* _PROBLEM TO WORK ON_
Only one range belongs in the answer: the line holding "tornar as suas" through the last line of the records, reproduced as is.
______________________________
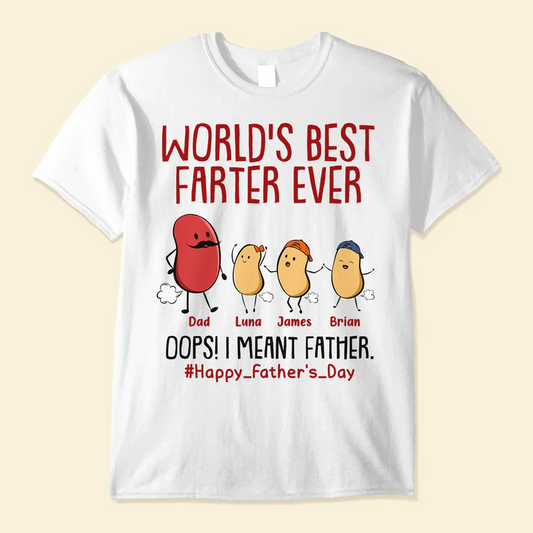 Father - World's Best Farter Ever I Mean Father - Personalized Shirt (VT)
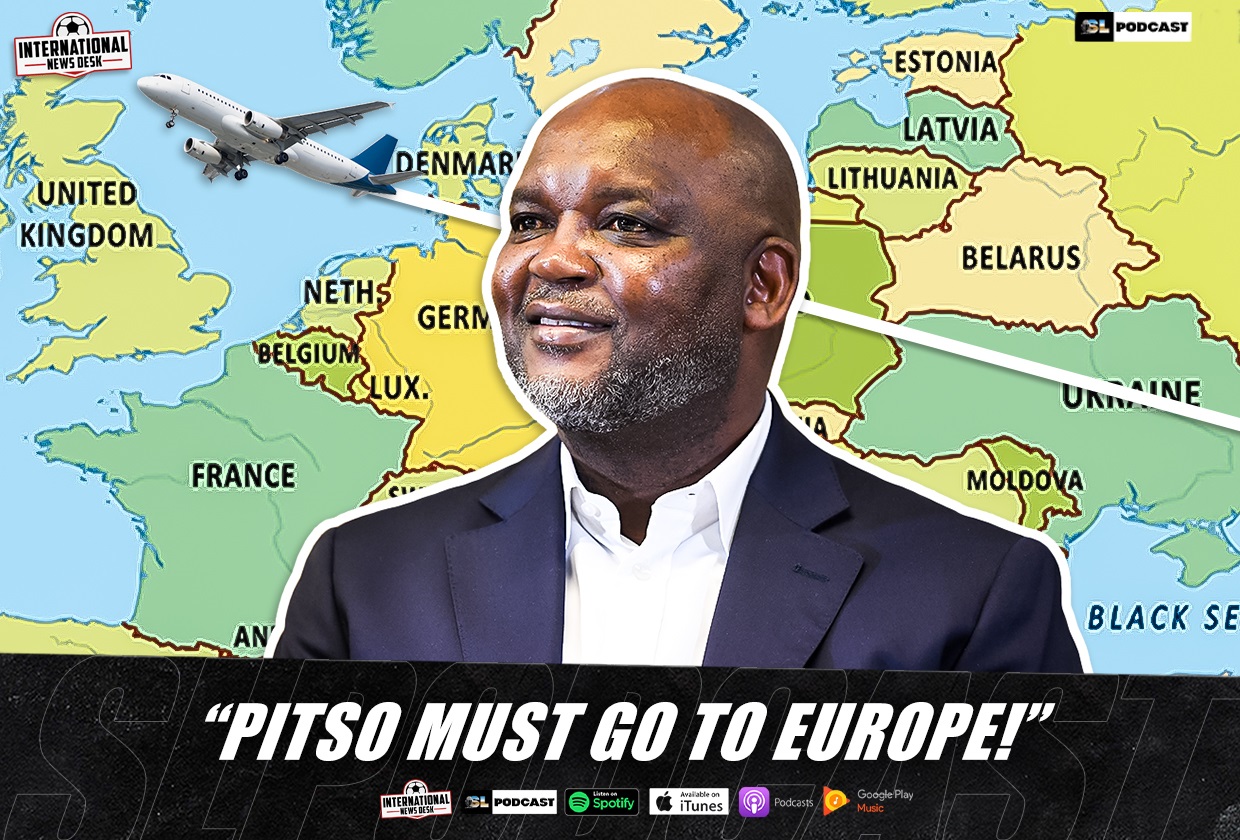 'Pitso Mosimane Must Go To Europe!'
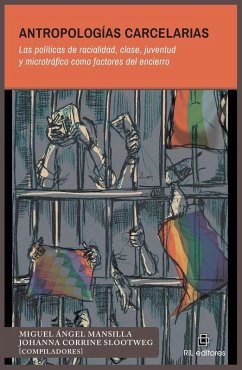 Cover Antropologías carcelarias. Las políticas de racialidad, clase, juventud y microtráfico como factores del encierro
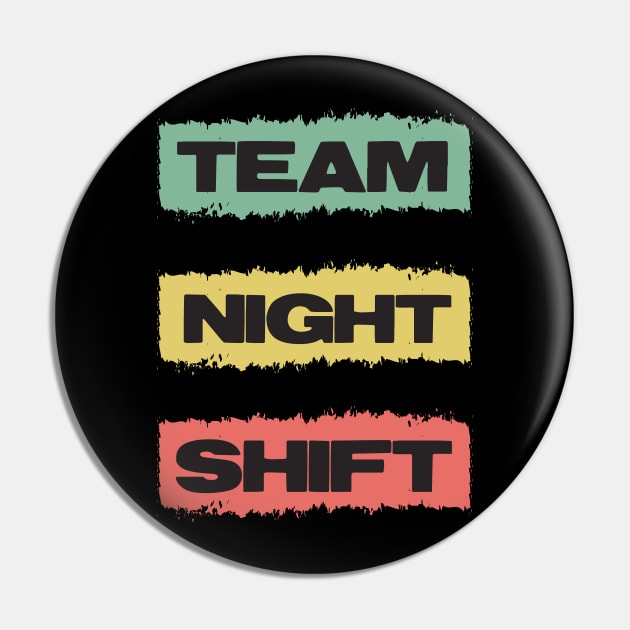 TEAM Night Shift Retro Gift for Doctors Nurses and all overnight workers and employees Pin by Naumovski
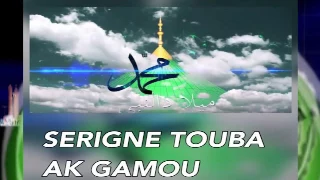 Waxtaan Ci  SERIGNE TOUBA AK GAMOU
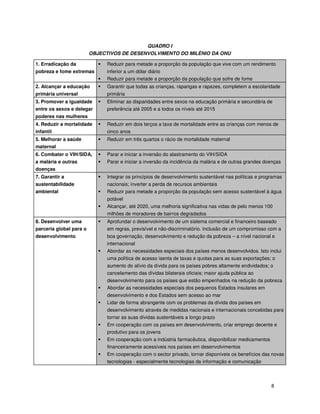 8
QUADRO I
OBJECTIVOS DE DESENVOLVIMENTO DO MILÉNIO DA ONU
1. Erradicação da
pobreza e fome extremas
Reduzir para metade a proporção da população que vive com um rendimento
inferior a um dólar diário
Reduzir para metade a proporção da população que sofre de fome
2. Alcançar a educação
primária universal
Garantir que todas as crianças, raparigas e rapazes, completem a escolaridade
primária
3. Promover a igualdade
entre os sexos e delegar
poderes nas mulheres
Eliminar as disparidades entre sexos na educação primária e secundária de
preferência até 2005 e a todos os níveis até 2015
4. Reduzir a mortalidade
infantil
Reduzir em dois terços a taxa de mortalidade entre as crianças com menos de
cinco anos
5. Melhorar a saúde
maternal
Reduzir em três quartos o rácio de mortalidade maternal
6. Combater o VIH/SIDA,
a malária e outras
doenças
Parar e iniciar a inversão do alastramento do VIH/SIDA
Parar e iniciar a inversão da incidência da malária e de outras grandes doenças
7. Garantir a
sustentabilidade
ambiental
Integrar os princípios de desenvolvimento sustentável nas políticas e programas
nacionais; inverter a perda de recursos ambientais
Reduzir para metade a proporção da população sem acesso sustentável à água
potável
Alcançar, até 2020, uma melhoria significativa nas vidas de pelo menos 100
milhões de moradores de bairros degradados
8. Desenvolver uma
parceria global para o
desenvolvimento
Aprofundar o desenvolvimento de um sistema comercial e financeiro baseado
em regras, previsível e não-discriminatório. Inclusão de um compromisso com a
boa governação, desenvolvimento e redução da pobreza – a nível nacional e
internacional
Abordar as necessidades especiais dos países menos desenvolvidos. Isto inclui
uma política de acesso isenta de taxas e quotas para as suas exportações; o
aumento do alívio da dívida para os países pobres altamente endividados; o
cancelamento das dívidas bilaterais oficiais; maior ajuda pública ao
desenvolvimento para os países que estão empenhados na redução da pobreza
Abordar as necessidades especiais dos pequenos Estados insulares em
desenvolvimento e dos Estados sem acesso ao mar
Lidar de forma abrangente com os problemas da dívida dos países em
desenvolvimento através de medidas nacionais e internacionais concebidas para
tornar as suas dívidas sustentáveis a longo prazo
Em cooperação com os países em desenvolvimento, criar emprego decente e
produtivo para os jovens
Em cooperação com a indústria farmacêutica, disponibilizar medicamentos
financeiramente acessíveis nos países em desenvolvimentos
Em cooperação com o sector privado, tornar disponíveis os benefícios das novas
tecnologias - especialmente tecnologias da informação e comunicação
______________________________
* _REPLY_
tornar as suas dívidas sustentáveis a longo prazo
Em cooperação com os países em desenvolvimento, criar emprego decente e
produtivo para os jovens
Em cooperação com a indústria farmacêutica, disponibilizar medicamentos
financeiramente acessíveis nos países em desenvolvimentos
Em cooperação com o sector privado, tornar disponíveis os benefícios das novas
tecnologias - especialmente tecnologias da informação e comunicação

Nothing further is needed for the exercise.